Atkinson described them as being ‘dumb-bell’ shaped, although not all were of this form. The bases of some sockets bore "the impressions…of heavy stones" some with "minute chips of dolerite [i.e. bluestone] embedded". While this does not imply that only bluestones were used in the Q and R structure, he found no evidence for sarsens. His accounts make it clear that he believed the sockets to have exclusively held bluestones "presumably the same stones that are still at Stonehenge".

==Interpretation==
Atkinson estimated that if the Q and R Holes originally formed a complete circle that 38 pairs would have been present, although recent computer-modelling shows that there is room for 40.

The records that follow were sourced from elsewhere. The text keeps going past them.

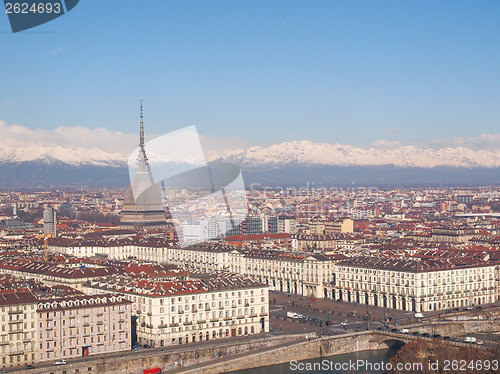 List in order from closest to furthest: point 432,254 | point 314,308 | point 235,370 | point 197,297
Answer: point 235,370, point 197,297, point 314,308, point 432,254

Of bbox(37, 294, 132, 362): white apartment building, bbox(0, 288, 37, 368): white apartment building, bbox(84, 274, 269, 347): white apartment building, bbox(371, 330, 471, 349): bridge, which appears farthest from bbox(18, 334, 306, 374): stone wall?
bbox(371, 330, 471, 349): bridge

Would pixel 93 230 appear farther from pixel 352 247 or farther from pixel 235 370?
pixel 235 370

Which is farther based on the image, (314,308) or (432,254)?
(432,254)

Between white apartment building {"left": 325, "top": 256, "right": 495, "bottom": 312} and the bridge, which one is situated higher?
white apartment building {"left": 325, "top": 256, "right": 495, "bottom": 312}

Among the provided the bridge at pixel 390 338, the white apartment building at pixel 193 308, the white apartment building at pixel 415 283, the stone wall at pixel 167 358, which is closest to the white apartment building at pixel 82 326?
the stone wall at pixel 167 358

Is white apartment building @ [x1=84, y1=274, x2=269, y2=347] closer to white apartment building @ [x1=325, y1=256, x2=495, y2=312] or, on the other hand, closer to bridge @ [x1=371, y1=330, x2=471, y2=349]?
bridge @ [x1=371, y1=330, x2=471, y2=349]

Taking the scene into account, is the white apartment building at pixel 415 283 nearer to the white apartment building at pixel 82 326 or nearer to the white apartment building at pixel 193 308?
the white apartment building at pixel 193 308

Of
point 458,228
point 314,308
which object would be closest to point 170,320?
point 314,308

The Q and R Holes not only represent the foundation cuts for the first central stone construction, but they also were to include several additional stone settings on the northeast. This modified group face the midsummer sunrise with a possible reciprocal stone aligned on the midwinter sunset. This is the first evidence for any unambiguous alignment at Stonehenge (the solstice axis). The analysis of the spacing between the Q and R array, and that of the modified (inset) portal group (Fig.3) imply a shift from an angular splay of 9 degrees (i.e. 40 settings) to 12 degrees, the same as that of the later 30 Sarsen Circle.

How long the bluestones remained in the Q and R settings before they were removed (if indeed this early structure was ever completed) is not known. However, the dates suggested from the 2008 excavation imply the Q & R arrays were perhaps no earlier than 2400 BC, presenting a challenge to the recently accepted Late Neolithic date for the construction of the iconic sarsen monument.